Purpose: Diabetic retinopathy is a common blinding disease characterized by the progressive degeneration of retinal vessels, which in the long term causes vision loss. It has been shown that endothelial progenitor cells (EPCs) are a promising source for therapeutic revascularization by regenerating damaged blood vessels in the retinal vasculature. EPCs can be differentiated from different sources of human pluripotent stem cells (hPSC) such as human embryonic stem cells (hESCs) or human induced pluripotent stem cells (hiPSCs). In order to better characterize and optimize the regenerative potential of these cells we need to isolate them as a pure and large population. Therefore, this study compared different methods to enrich EPCs and to enhance their production from hiPSCs. CD34 is the most commonly used marker for these cells and is therefore also used in this study.

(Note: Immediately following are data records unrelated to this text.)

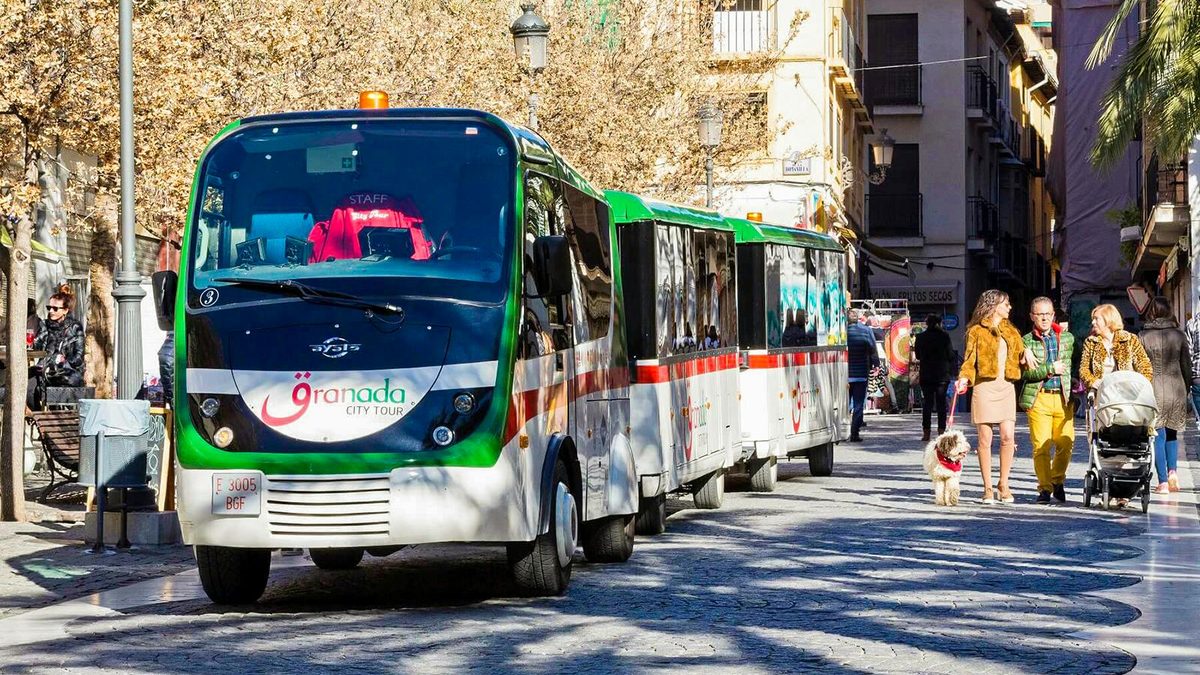 סיטי טור גרנדה - הרכבת התיירותית גרנדה - חשמלית התיירים חשמלית התיירים של סיטי טור גרנדה - הרכבת התיירותית (Granada City Tour Hop-On Hop-Off Train) בגרנדה (צילום: Headout)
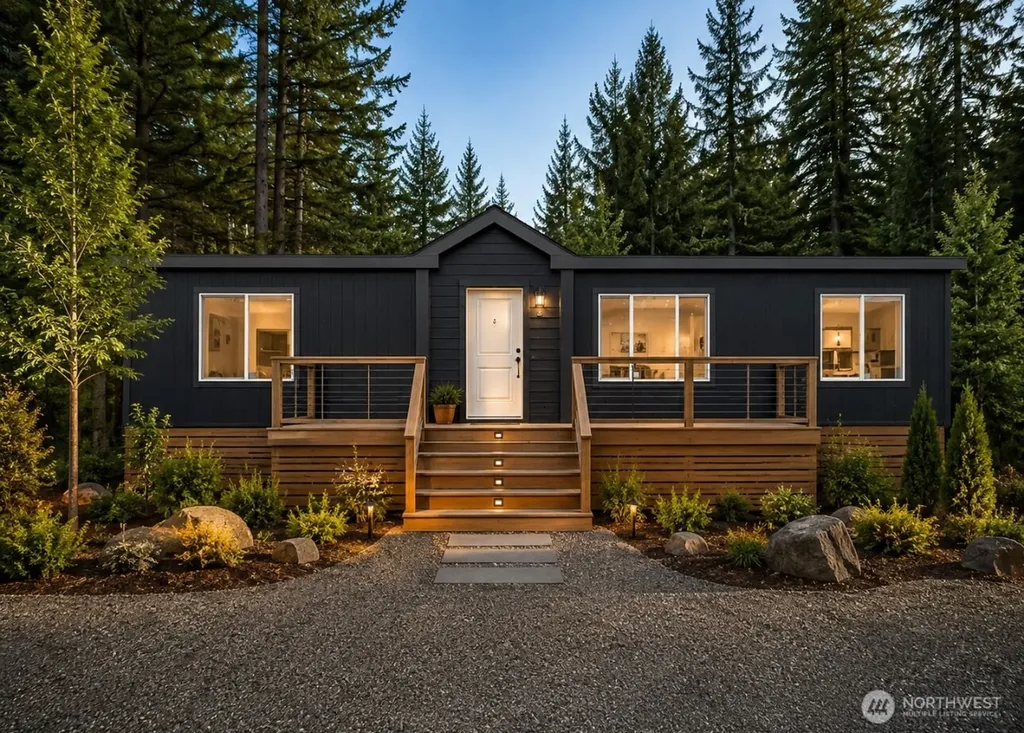 51 NE Rhody Lane Tahuya WA 98588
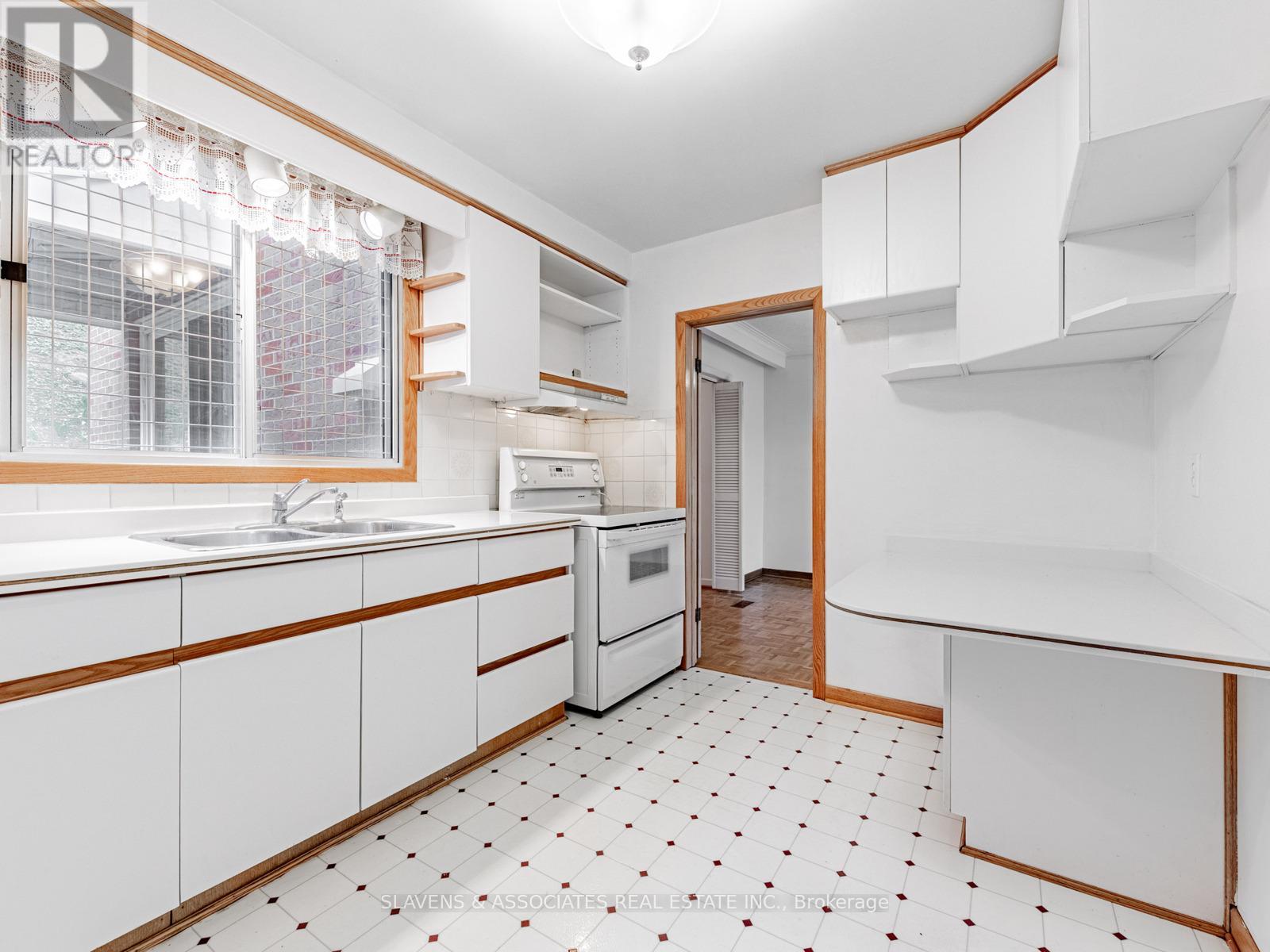 796 Davenport Road, Toronto (Wychwood), Ontario  M6G 2B3 - Photo 21 - C12448753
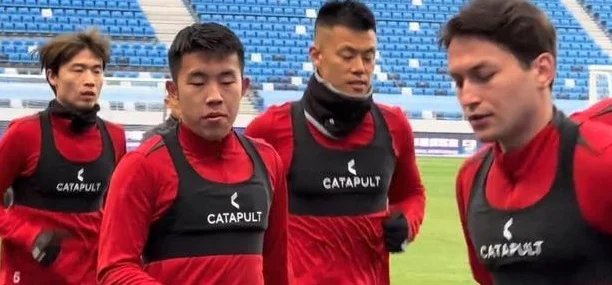 李霄鹏人见人欺 只能收拾谢晖了！场地好好浇水 赛后谁都别怪运气相关图五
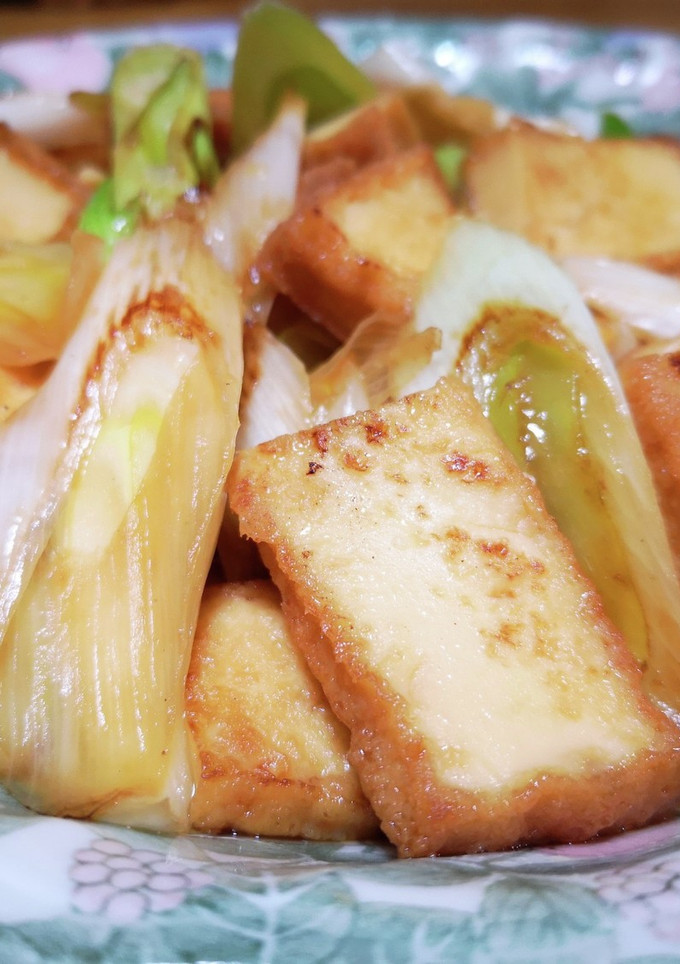 簡単焼きネギ厚揚げ炒め-レシピのメイン写真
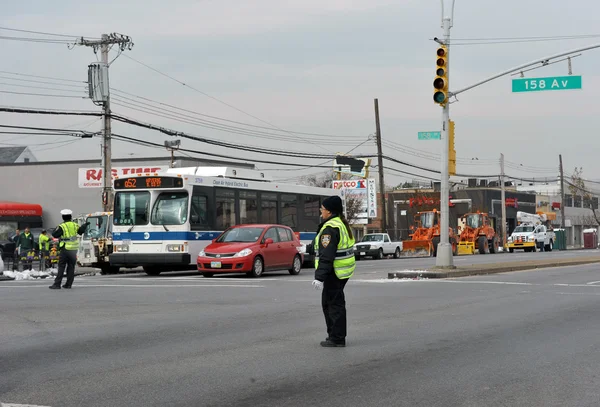 Brooklyn, ny - 11 november: werken uit macht problemen in de rockaway verschuldigde gevolgen van orkaan sandy in queens, new york, VS, op novemeber 11, 2012. — Stockfoto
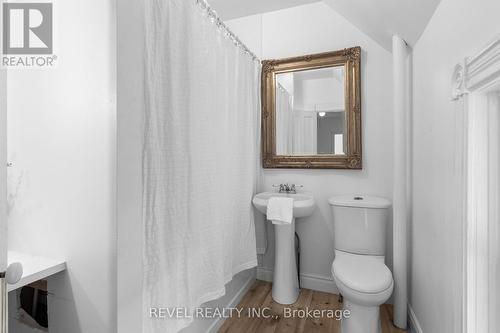 399 Eldon Road, Kawartha Lakes (Little Britain), ON - Indoor Photo Showing Bathroom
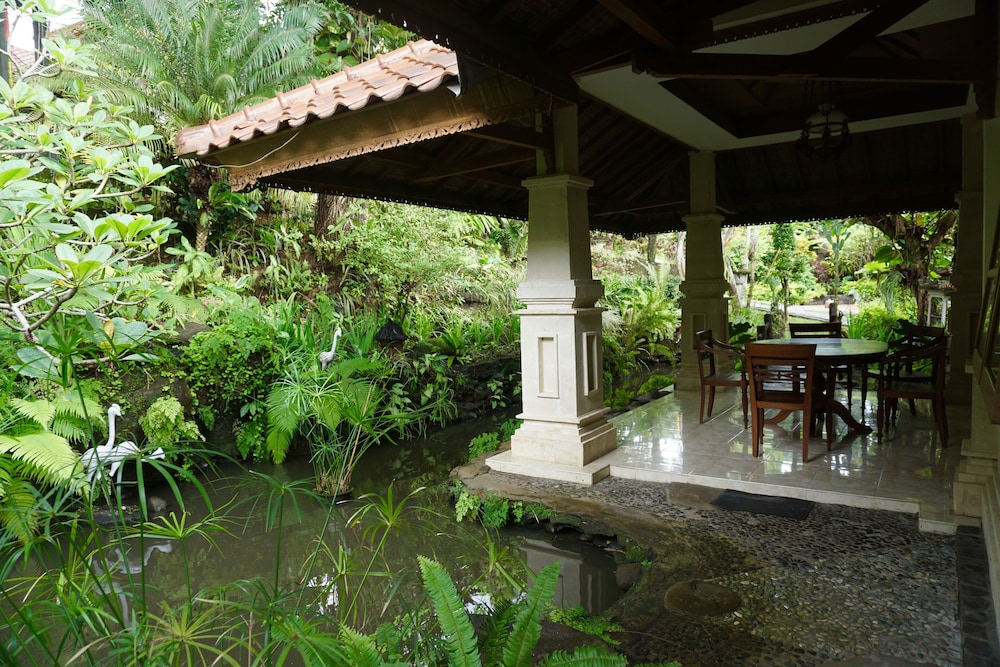 Gunung Paradis Retreat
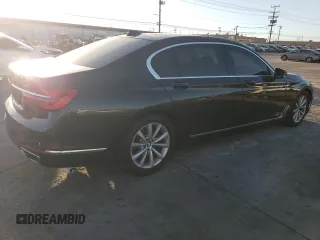 2016 BMW 7 Series 740i with VIN WBA7E2C59GG504533, listed as a Copart auction lot 77122283 with 68,209 mi miles. Bid and sale history available at carsss.com. Image 3.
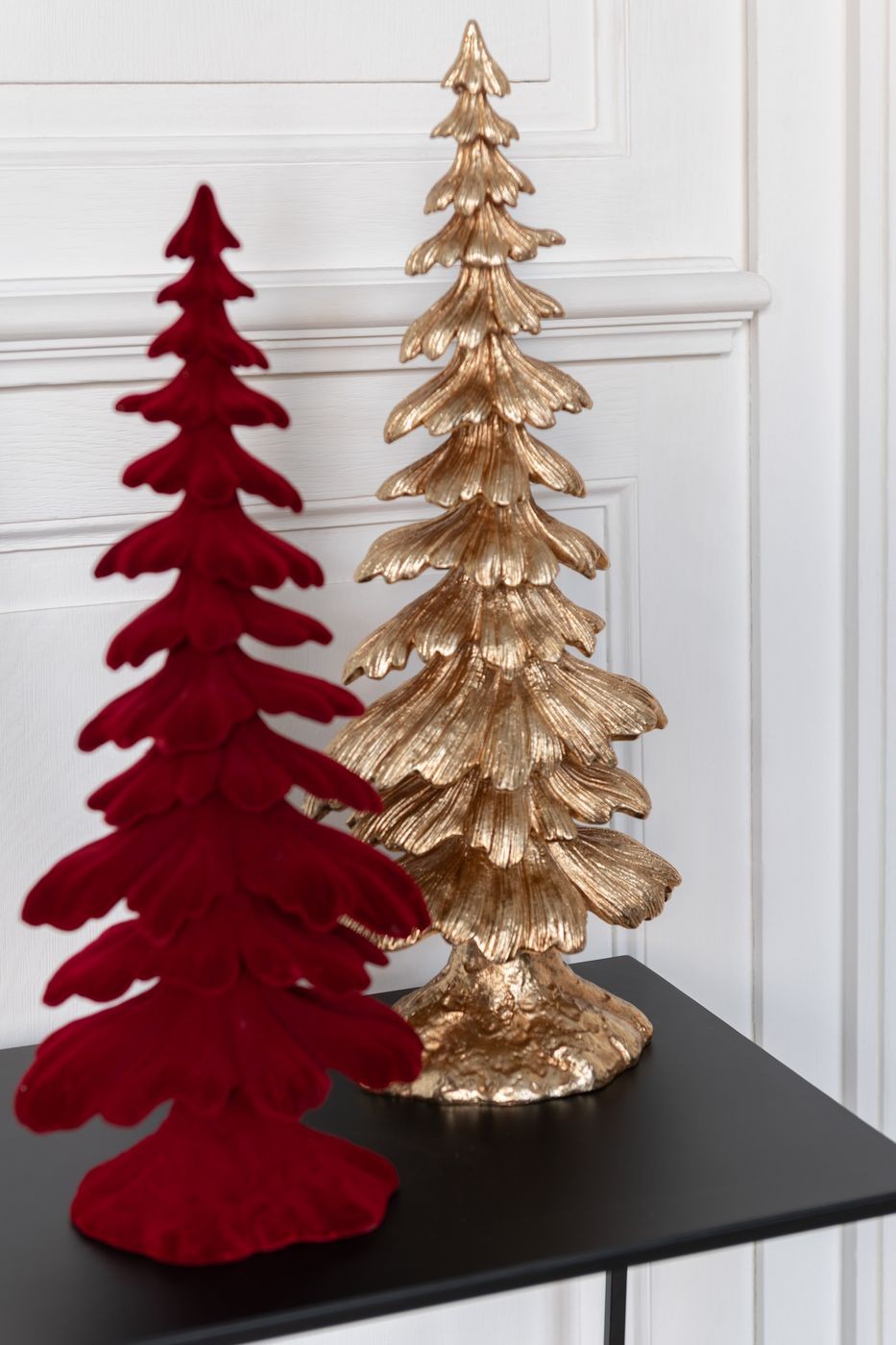 Pine Tree Velour Resin Red Set of 2 by J-Line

Methods: hiPSCs were grown to confluency on Matrigel coated plates in mTeSR-1 medium. Then, they were exposed to different conditions, growth factors and bioactive small molecules. The medium was changed according to the experimental plan and cells were fixed on different days from day 5 to 8 and finally immunohistochemistry for CD34 was used to identify the cells of interest.

Results: We found that administration of BMP4, Activin A and BIO (Wnt signalling activator) at an early phase and then VEGF-165 and SB431542 (TGFβ-receptor type one inhibitor) during the later phase of treatment led to efficient differentiation of CD34+ cells from hiPSCs within five days. Therefore, this study presents an efficient approach to generate hiPSC-derived EPCs by modulating four signalling pathways. This can be useful in developing novel therapeutic avenues for cellular regeneration in diabetic retinopathy.

Conclusions: We developed defined culture conditions to enrich CD34+ EPCs which will enable us to isolate these cells in sufficient quantities and characterize them in more detail.